=== Input ===
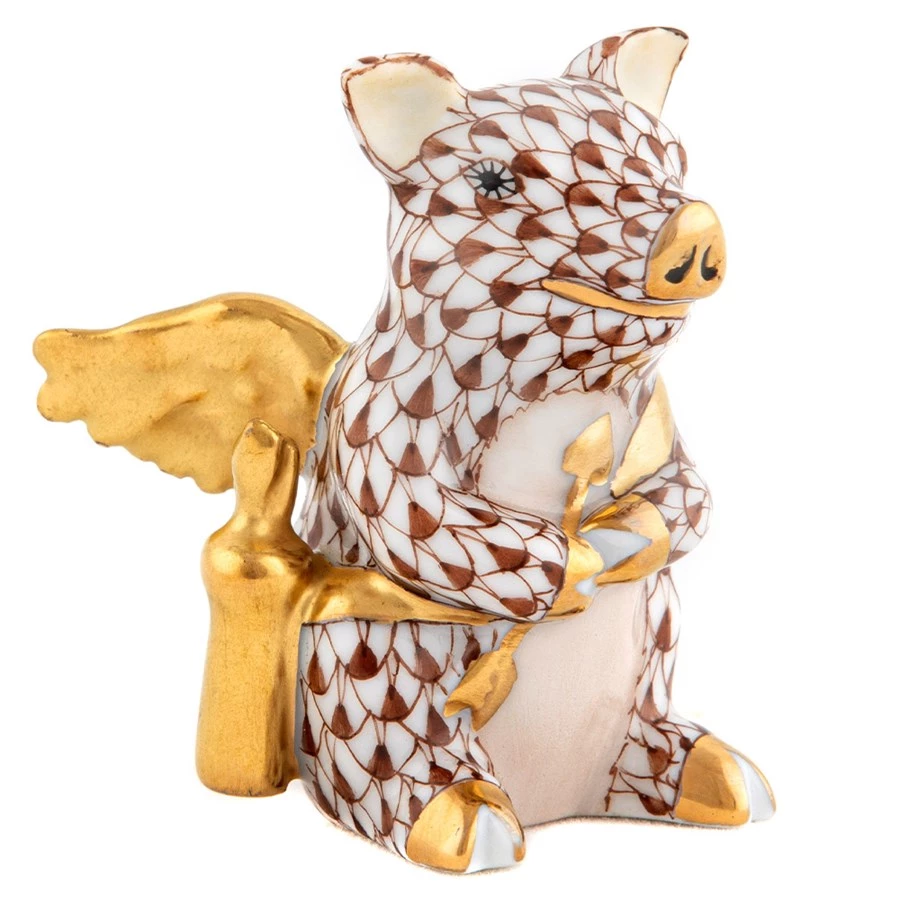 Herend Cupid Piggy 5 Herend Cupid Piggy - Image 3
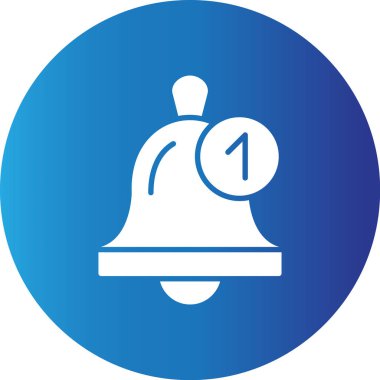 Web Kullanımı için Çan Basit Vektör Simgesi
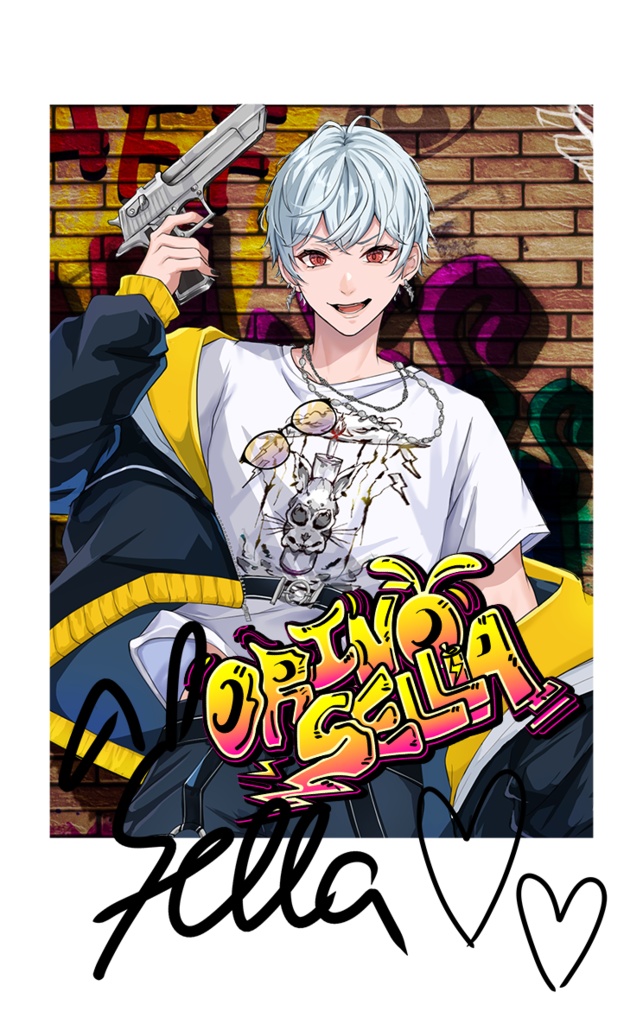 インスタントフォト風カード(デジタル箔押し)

--

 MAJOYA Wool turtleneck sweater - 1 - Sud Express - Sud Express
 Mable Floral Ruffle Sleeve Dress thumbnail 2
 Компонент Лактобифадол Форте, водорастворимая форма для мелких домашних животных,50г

=== Activity ===
Every line from the line containing "MAJOYA Wool turtleneck" through the line containing "Компонент Лактобифадол Форте, водорастворимая" in the records above must be retyped exactly. Leave out the rest.

=== Exercise response ===
 MAJOYA Wool turtleneck sweater - 1 - Sud Express - Sud Express
 Mable Floral Ruffle Sleeve Dress thumbnail 2
 Компонент Лактобифадол Форте, водорастворимая форма для мелких домашних животных,50г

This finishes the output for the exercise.